__EXERCISE OBJECTIVE__: For the data that follows, print the line with "Woman holds pink", the line with "Carol and Mike", and all lines between them, exactly as they stand. Omit pictures and add nothing.

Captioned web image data
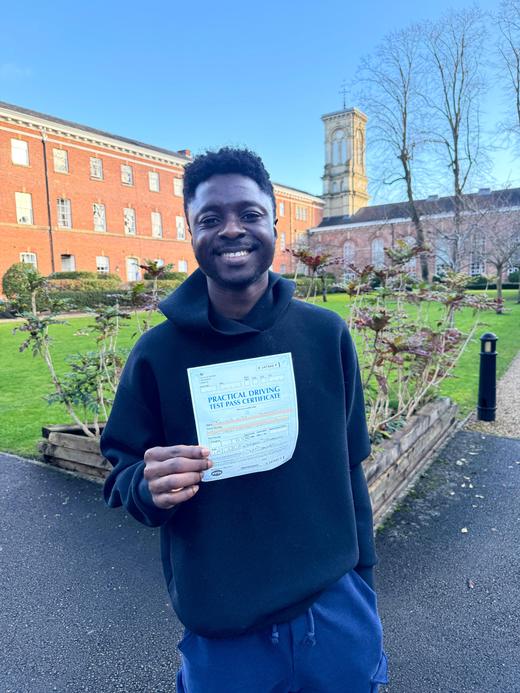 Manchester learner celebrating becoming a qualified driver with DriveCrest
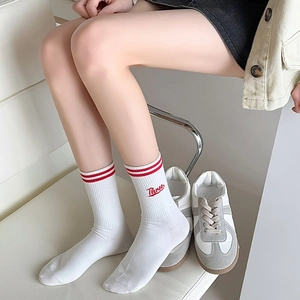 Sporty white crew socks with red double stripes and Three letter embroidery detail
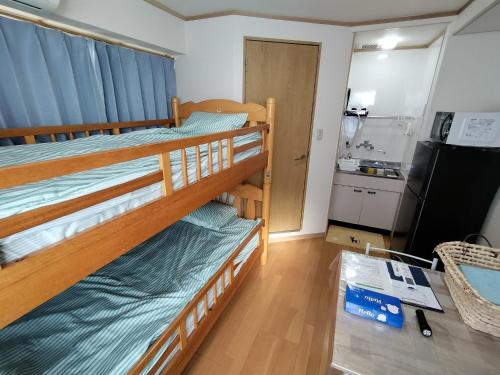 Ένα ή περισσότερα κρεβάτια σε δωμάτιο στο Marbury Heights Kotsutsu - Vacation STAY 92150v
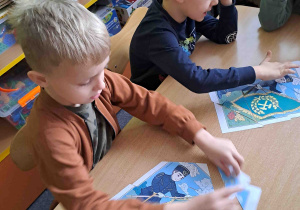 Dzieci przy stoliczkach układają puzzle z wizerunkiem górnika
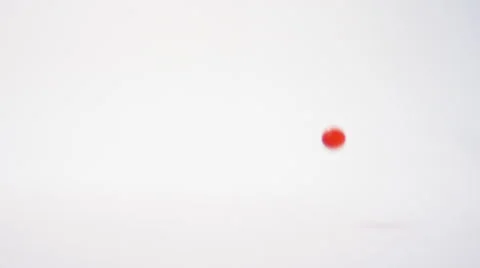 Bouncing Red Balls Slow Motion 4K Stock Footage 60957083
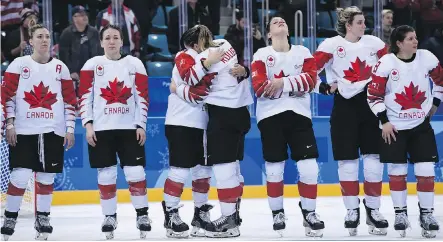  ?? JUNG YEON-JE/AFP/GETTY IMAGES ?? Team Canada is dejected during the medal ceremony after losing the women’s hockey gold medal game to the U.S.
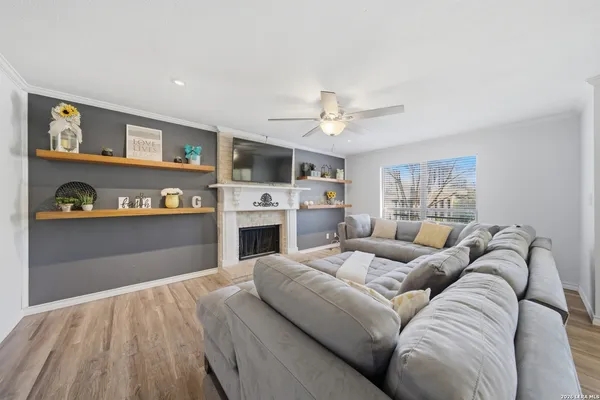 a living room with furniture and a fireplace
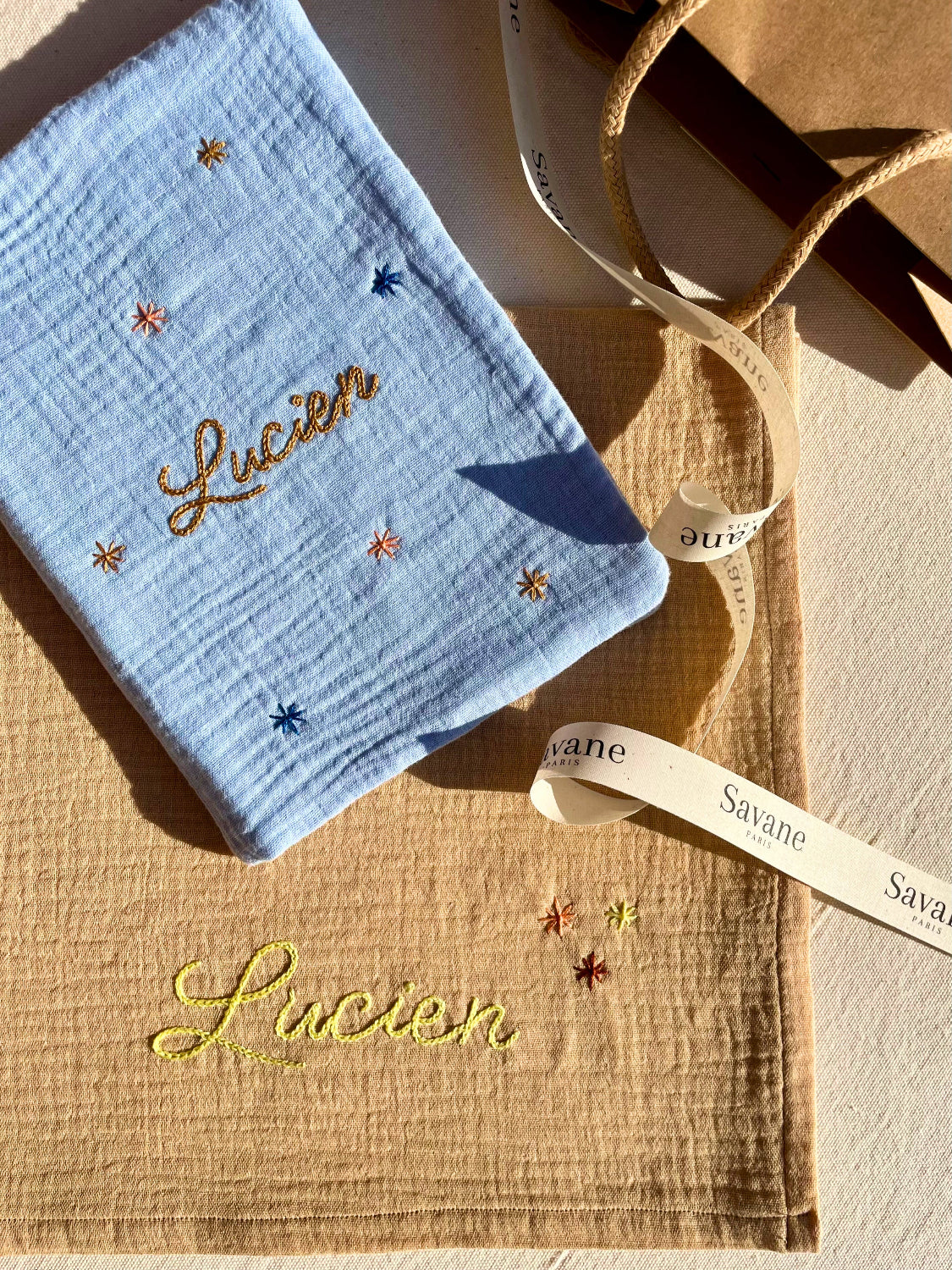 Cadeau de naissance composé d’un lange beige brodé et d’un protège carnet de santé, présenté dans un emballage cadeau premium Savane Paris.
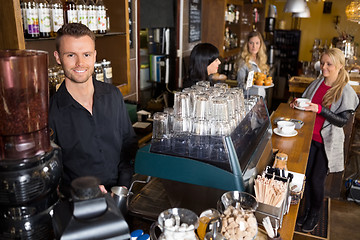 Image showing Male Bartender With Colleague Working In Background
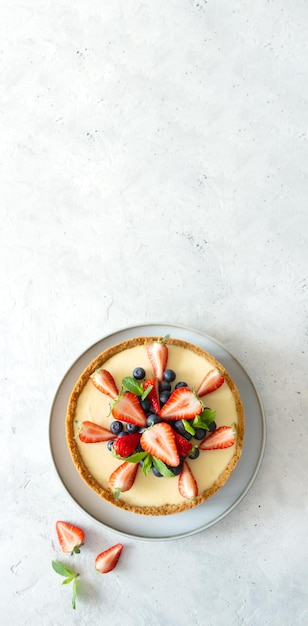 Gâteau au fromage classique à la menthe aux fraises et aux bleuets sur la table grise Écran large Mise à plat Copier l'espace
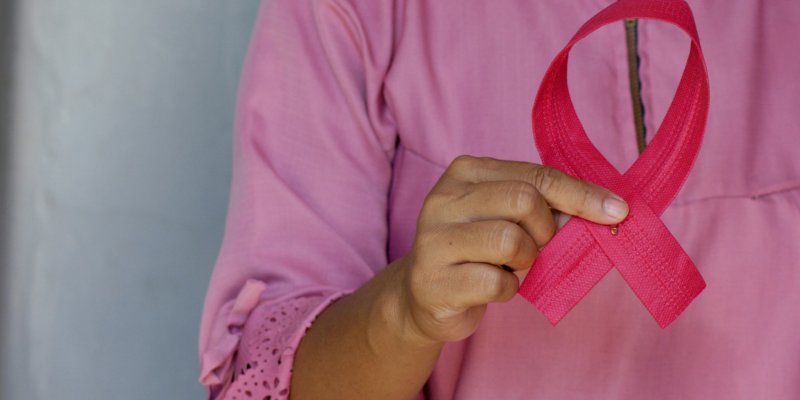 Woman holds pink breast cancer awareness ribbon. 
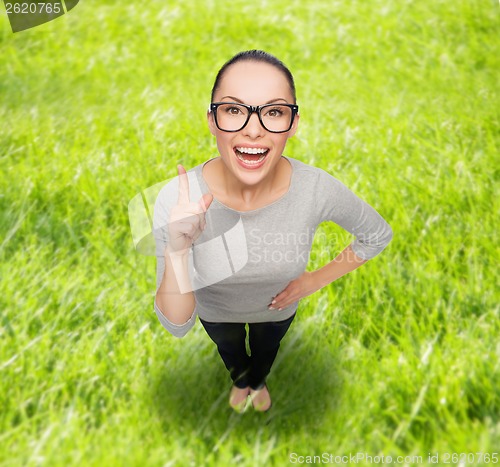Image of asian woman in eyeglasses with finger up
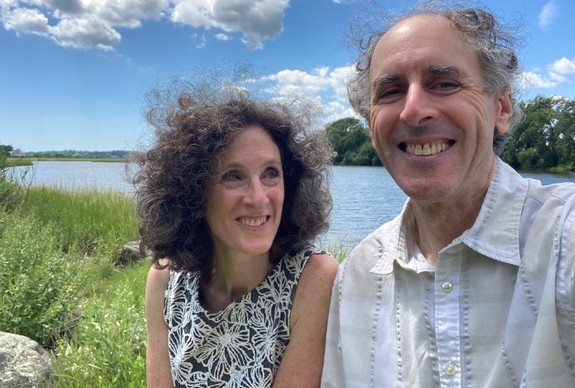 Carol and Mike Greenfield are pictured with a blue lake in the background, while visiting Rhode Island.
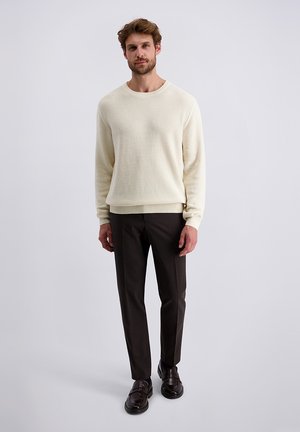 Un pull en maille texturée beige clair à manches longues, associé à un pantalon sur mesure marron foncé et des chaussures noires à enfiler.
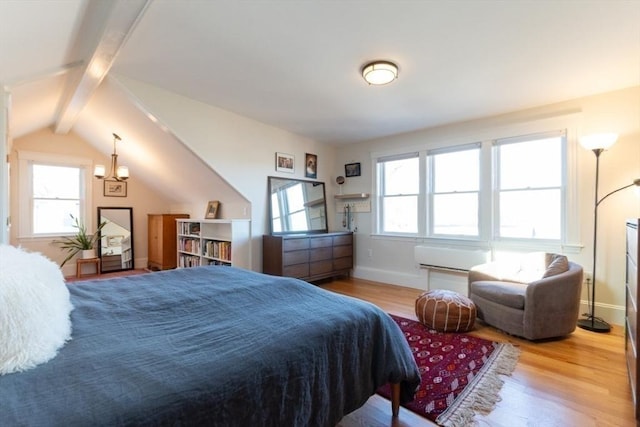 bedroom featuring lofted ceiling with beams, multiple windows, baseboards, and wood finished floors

__RESULT OF THIS EXERCISE__:
 Woman holds pink breast cancer awareness ribbon. 
Image of asian woman in eyeglasses with finger up
 Carol and Mike Greenfield are pictured with a blue lake in the background, while visiting Rhode Island.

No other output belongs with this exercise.